The recent advance arose from an earlier setback. Ramdani and other researchers were working toward tiny transistors free of the current leaks that plague such components (SN: 3/25/00, p. 204: https://www.sciencenews.org/20000325/bob2.asp). In 1999, the researchers made what the company declared to be “the world’s thinnest functional transistor” by growing a scanty layer of the ceramic material strontium titanate (STO) on silicon. Yet when they tried to pare that layer further, oxygen corrupted the underlying silicon, creating a spongy layer of silicon dioxide beneath the STO.
At first, Ramdani considered the new layer an obstacle. But he says that while vacationing on a beach, he realized that the layer might be a godsend. He had noticed that it enabled the STO crystal to relax despite a 2 percent mismatch with the silicon. Ramdani began wondering whether the STO would serve the same function for gallium arsenide.
Initial experiments confirmed his hunch.
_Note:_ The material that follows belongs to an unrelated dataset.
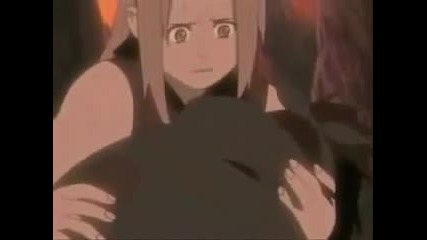 Sakura y Sasuke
In the 2 years since, the roughly 100 researchers assigned to the project have surmounted many hurdles, including getting gallium arsenide to bond to the entire surface of an underlying layer of STO.
These investigators have also made working cell-phone amplifiers and an infrared-light-emitting device using the new wafers. What’s more, they’ve made wafers with 300-millimeter diameters–twice that of the largest wafers of gallium arsenide alone. The amplifiers will hit the market within months, the company predicts.
The gallium arsenide feat may be just a beginning. Different interlayers should allow other semiconductors, such as indium phosphide, to grow on silicon. Whereas gallium arsenide transistors are about 10 times as fast as those of silicon, indium phosphide transistors up the pace by another factor of 10.
“If they can do it with gallium arsenide, they can do it with other materials,” surmises Vincent P. LaBella of the University of Arkansas in Fayetteville.